Machine Learning Inference Performance

AIMark 3

AIMark makes use of various vendor SDKs to implement the benchmarks. This means that the end-results really aren’t a proper apples-to-apples comparison, however it represents an approach that actually will be used by some vendors in their in-house applications or even some rare third-party app.

鲁大师 / Master Lu - AIMark 3 - InceptionV3 鲁大师 / Master Lu - AIMark 3 - ResNet34 鲁大师 / Master Lu - AIMark 3 - MobileNet-SSD 鲁大师 / Master Lu - AIMark 3 - DeepLabV3

In AIMark 3, the benchmark uses each vendor’s proprietary SDK in order to accelerate the NN workloads most optimally. For Qualcomm’s devices, this means that seemingly the benchmark is also able to take advantage of the new Tensor cores. Here, the performance improvements of the new Snapdragon 865 chip is outstanding, posting in 2-3x performance compared to its predecessor.

AIBenchmark 3

AIBenchmark takes a different approach to benchmarking. Here the test uses the hardware agnostic NNAPI in order to accelerate inferencing, meaning it doesn’t use any proprietary aspects of a given hardware except for the drivers that actually enable the abstraction between software and hardware. This approach is more apples-to-apples, but also means that we can’t do cross-platform comparisons, like testing iPhones.

We’re publishing one-shot inference times. The difference here to sustained performance inference times is that these figures have more timing overhead on the part of the software stack from initialising the test to actually executing the computation.

AIBenchmark 3 - NNAPI CPU

We’re segregating the AIBenchmark scores by execution block, starting off with the regular CPU workloads that simply use TensorFlow libraries and do not attempt to run on specialized hardware blocks.

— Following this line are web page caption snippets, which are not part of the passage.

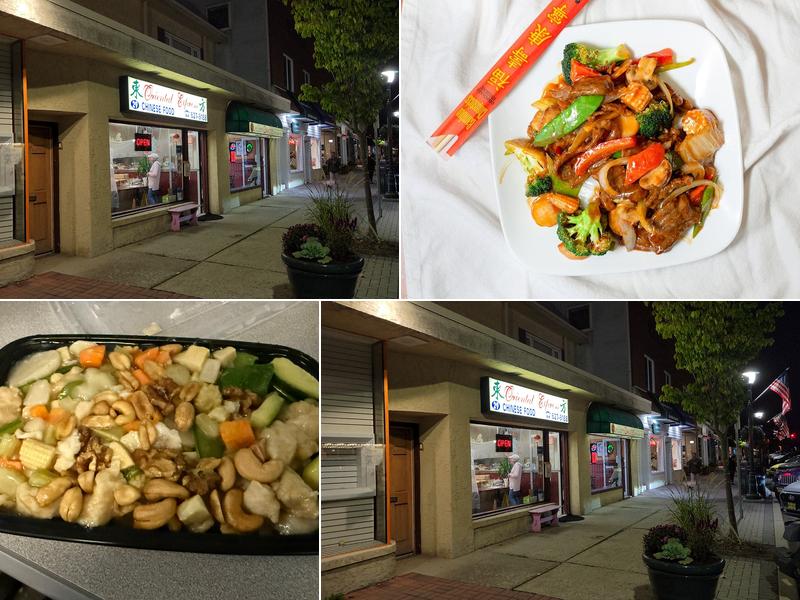 Oriental Express 29 Broadway, Denville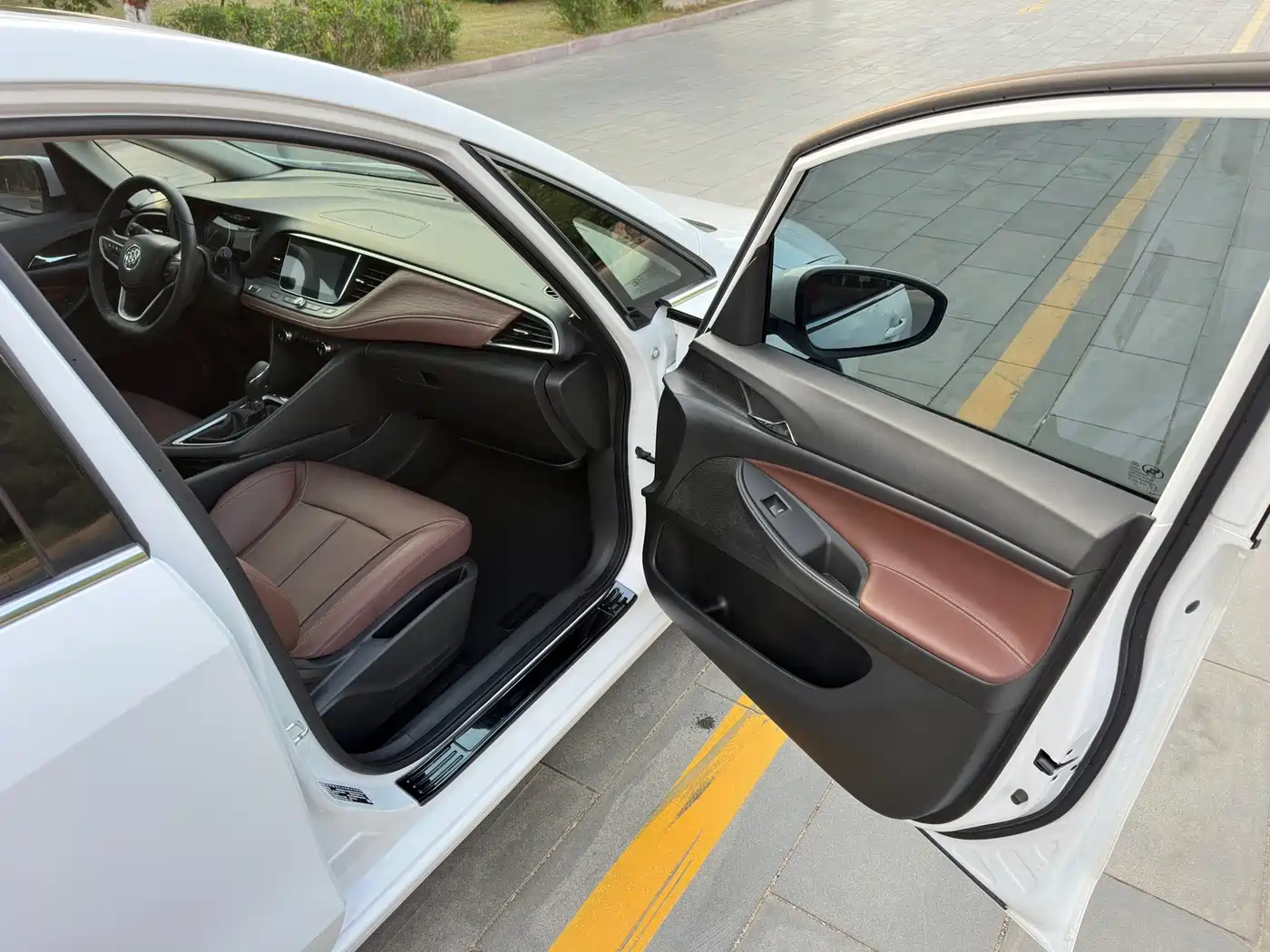 Buick GL6 2019 18T 6-seat Connected Luxury China VI фото 20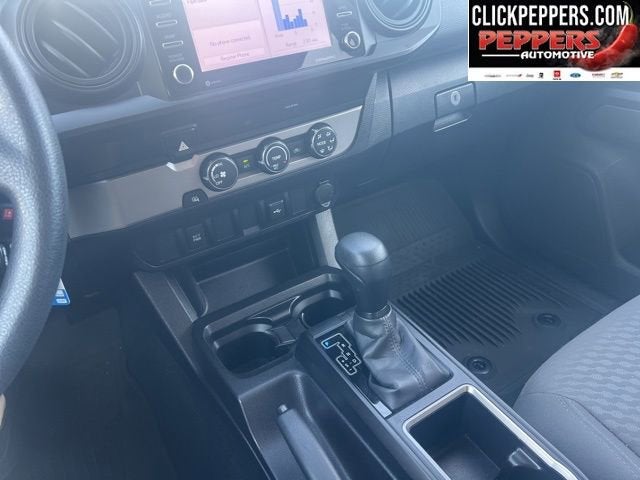 2023 Toyota Tacoma 2WD SR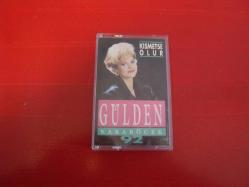 GÜLDEN KARABÖCEK KISMETSE OLUR KASET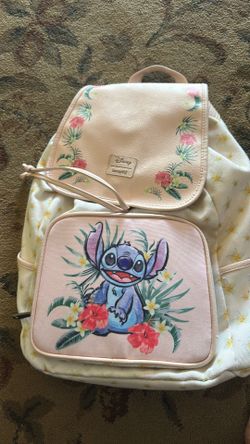 Free backpack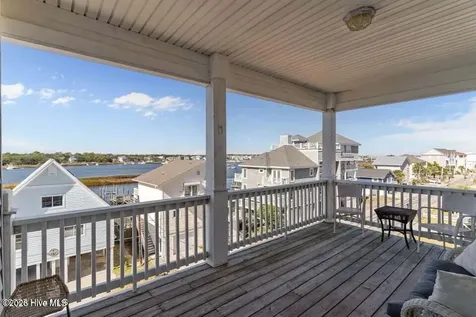 1102 Canal Drive Carolina Beach NC 28428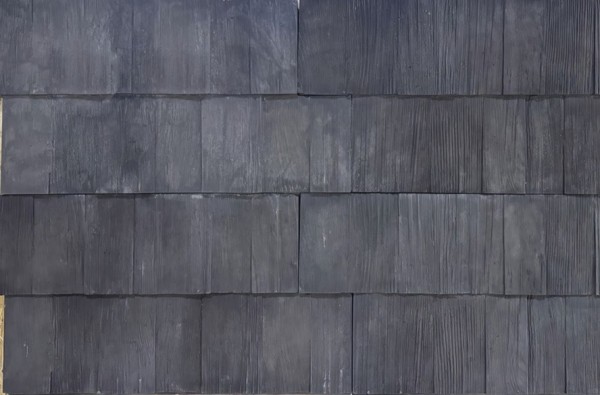 Фиброцементные панели КАНЬОН коллекция Дранка - 63 купить в Полярных Зорях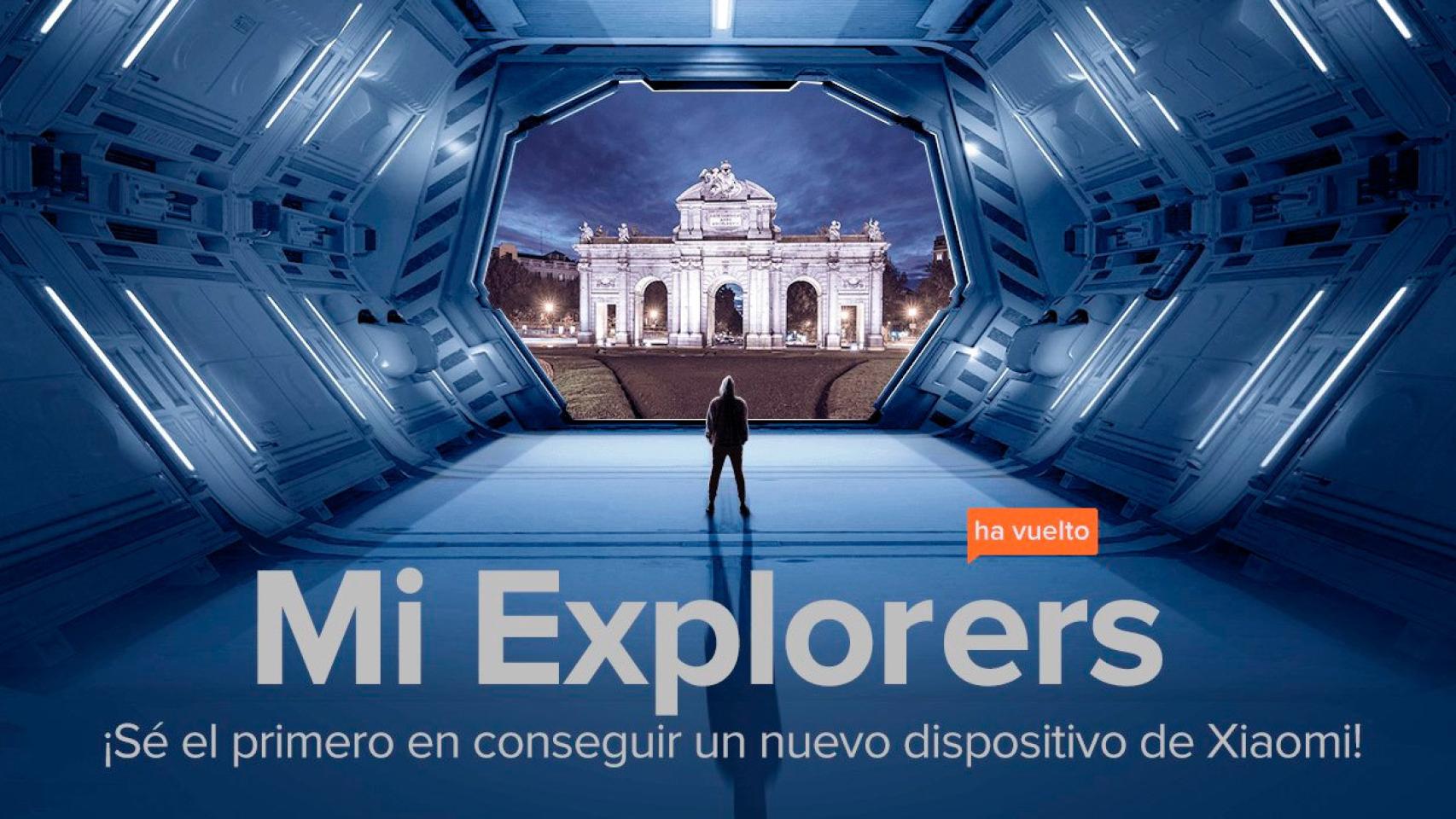 Xiaomi, Madrid, julio y… ¿presentación del Xiaomi Mi A2?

AIBenchmark 3 - 1 - The Life - CPU/FP AIBenchmark 3 - 2 - Zoo - CPU/FP AIBenchmark 3 - 3 - Pioneers - CPU/INT AIBenchmark 3 - 4 - Let's Play - CPU/FP AIBenchmark 3 - 7 - Ms. Universe - CPU/FP AIBenchmark 3 - 7 - Ms. Universe - CPU/INT AIBenchmark 3 - 8 - Blur iT! - CPU/FP

Starting off with the CPU accelerated benchmarks, we’re seeing some large improvements of the Snapdragon 865. It’s particularly the FP workloads that are seeing some big performance increases, and it seems these improvements are likely linked to the microarchitectural improvements of the A77.

AIBenchmark 3 - NNAPI INT8

AIBenchmark 3 - 1 - The Life - INT8 AIBenchmark 3 - 2 - Zoo - Int8 AIBenchmark 3 - 3 - Pioneers - INT8 AIBenchmark 3 - 5 - Masterpiece - INT8 AIBenchmark 3 - 6 - Cartoons - INT8

INT8 workload acceleration in AI Benchmark happens on the HVX cores of the DSP rather than the Tensor cores, for which the benchmark currently doesn’t have support for. The performance increases here are relatively in line with what we expect in terms of iterative clock frequency increases of the IP block.

AIBenchmark 3 - NNAPI FP16

AIBenchmark 3 - 1 - The Life - FP16 AIBenchmark 3 - 2 - Zoo - FP16 AIBenchmark 3 - 3 - Pioneers - FP16 AIBenchmark 3 - 5 - Masterpiece - FP16 AIBenchmark 3 - 6 - Cartoons - FP16 AIBenchmark 3 - 9 - Berlin Driving - FP16 AIBenchmark 3 - 10 - WESPE-dn - FP16

FP16 acceleration on the Snapdragon 865 through NNAPI is likely facilitated through the GPU, and we’re seeing iterative improvements in the scores. Huawei’s Mate 30 Pro is in the lead in the vast majority of the tests as it’s able to make use of its NPU which support FP16 acceleration, and its performance here is quite significantly ahead of the Qualcomm chipsets.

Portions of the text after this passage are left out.